Pot trusts get their name because they pool the educational funds into a single pot. Unless the terms carefully specify that all beneficiaries are to receive equal funding, beneficiaries might receive substantially different distributions. This could arise when one person goes to a costly private school and another person attends a less expensive public school. Age differences in heirs might favor older beneficiaries as well. The eldest beneficiaries might deplete the funds before younger heirs have a chance to go to school.
When a benefactor places a priority on the equal distribution of funds among heirs, separate educational trusts might represent the best choice. The person could place equal amounts of assets into each trust. This approach, however, might not provide sufficient funding for someone attending an expensive school and leave unused money in a trust for someone who went to an affordable school.

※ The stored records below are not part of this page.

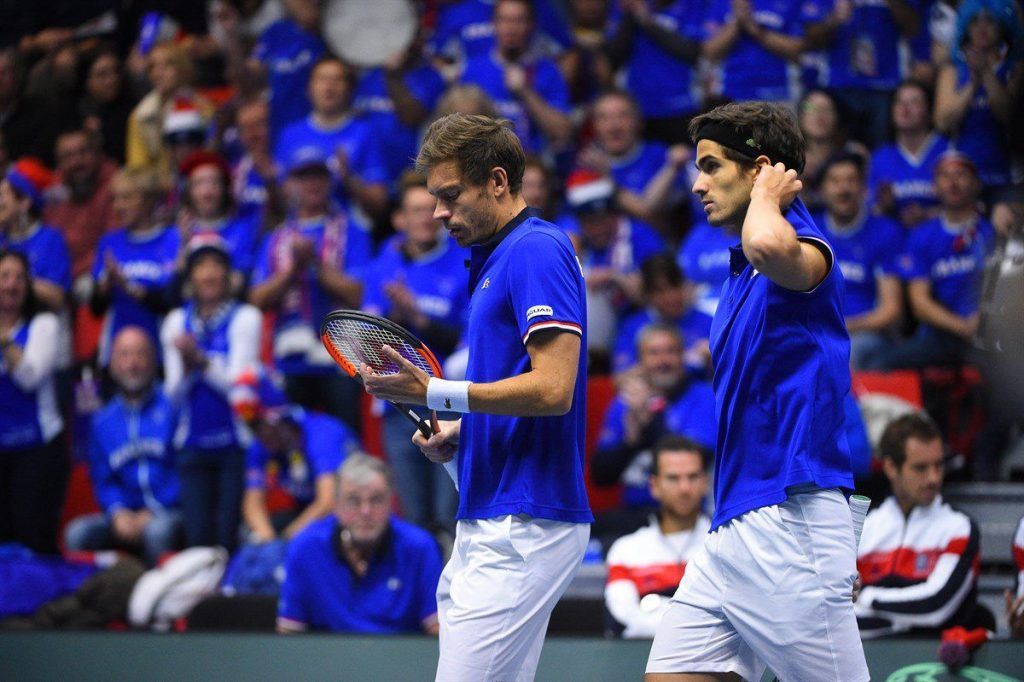 Copa Davis 2018: Kazajistán y Estados Unidos clasificaron a cuartos de final 5 Herbert y Mahut en su partido de dobles ante Holanda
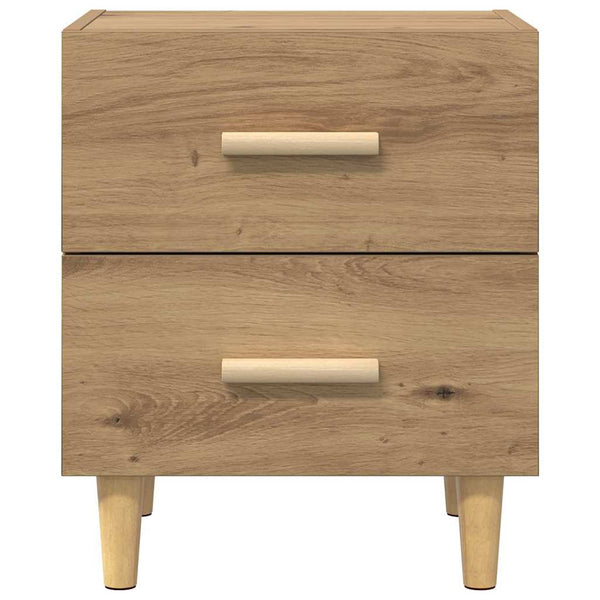 2 kappaleen artesaani sängynkaappi tammi 40 x 35 x 47.5 cm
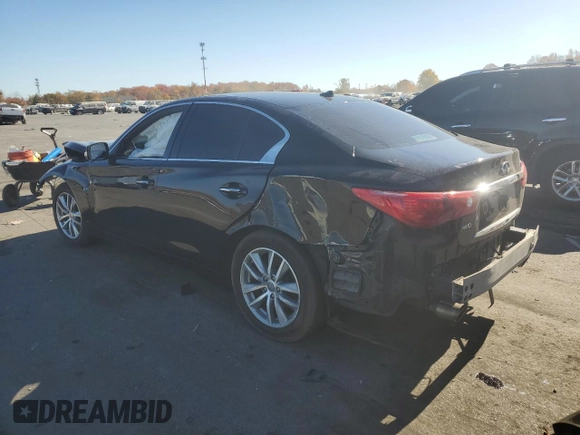 2015 Infiniti Q50 Premium with VIN JN1BV7AR1FM422217, listed as a Copart auction lot 77656424 with Not provided miles and Salvage title. Bid and sale history available at DreamBid. Image 2.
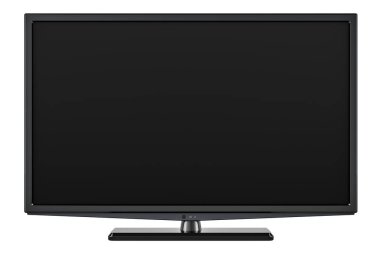 LED Flat Screen TV, Smart TV set. 3D rendering isolated on white background clipart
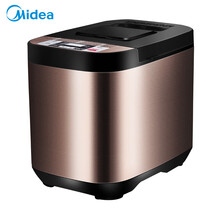 美的（Midea）面包机家用全自动智能多功能和面机早餐烤面包机 自动撒酵母果料 仿土窑设计 〖咖啡棕〗
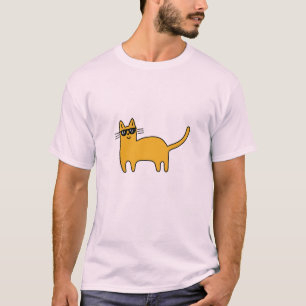 T-shirt Chat Lunettes de Soleil Cool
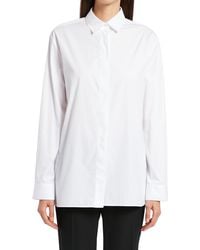 The Row - Big Sisea Cotton Poplin Button-up Shirt - Lyst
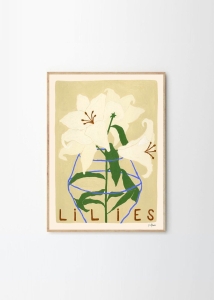 THE POSTER CLUB druk artystyczny LILIES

A person creating an estate plan will need to make decisions about how to approach educational funding for heirs. The insights of an attorney could introduce the person to ideas about how to structure trusts and promote specific goals. An attorney might help someone sort through options. After the person makes decisions, an attorney may strive to write a trust document that thoroughly addresses and promotes the goals of the benefactor. The person might also receive advice about how to select a trustee or contingent beneficiaries.